- [Directions]: For the entries below, copy exactly the line that contains "Bedroom, Bed in" through the line that contains "KARE Design Deko", both ends included, and exclude all pictures.

- [Material supplied]:
━━━━━━━━

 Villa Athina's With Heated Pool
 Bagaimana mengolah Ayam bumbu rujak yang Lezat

━━━━━━━━

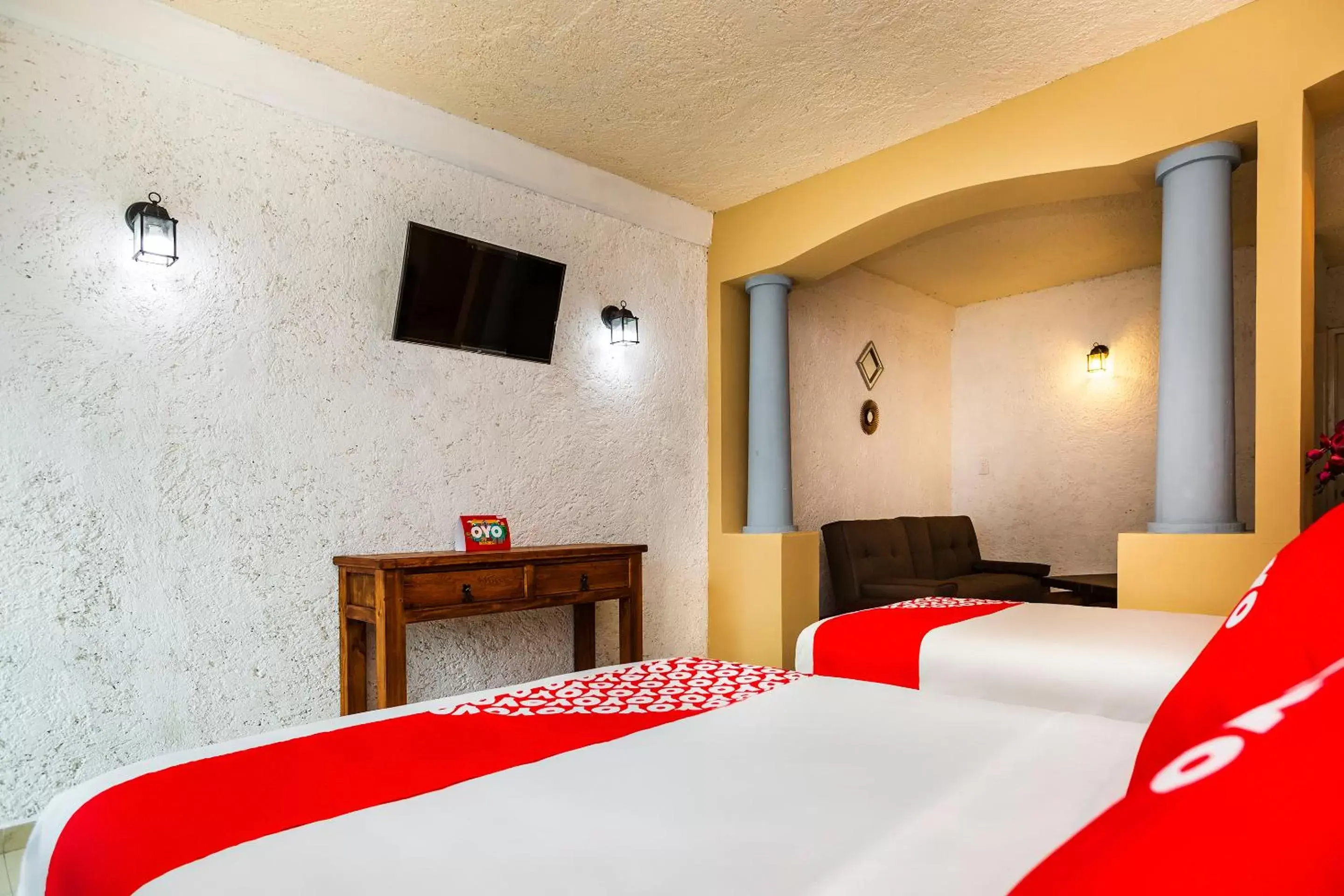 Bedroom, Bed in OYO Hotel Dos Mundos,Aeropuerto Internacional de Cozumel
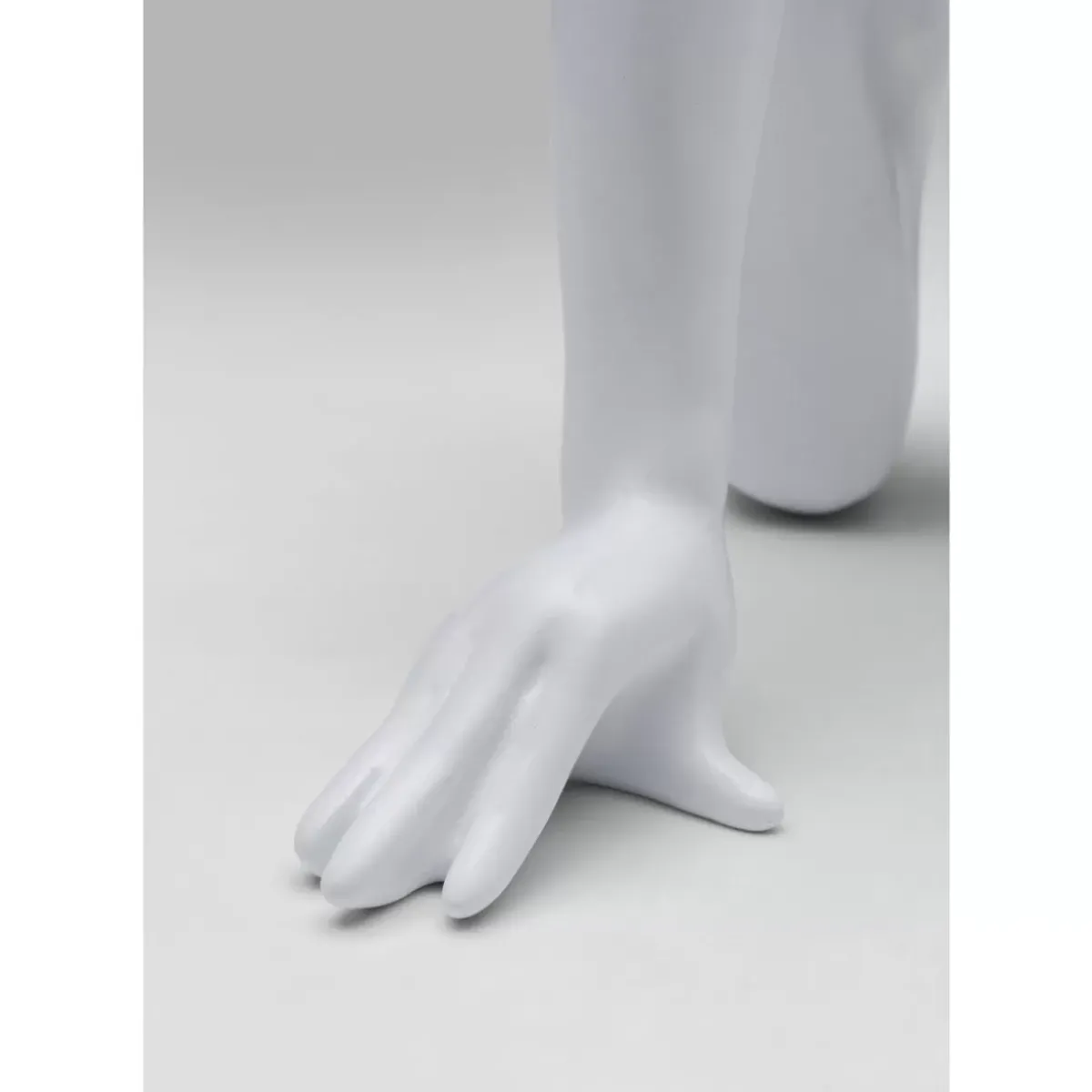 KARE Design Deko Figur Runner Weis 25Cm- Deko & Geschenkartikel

━━━━━━━━

- [Answer to this problem]:
 Bedroom, Bed in OYO Hotel Dos Mundos,Aeropuerto Internacional de Cozumel
 KARE Design Deko Figur Runner Weis 25Cm- Deko & Geschenkartikel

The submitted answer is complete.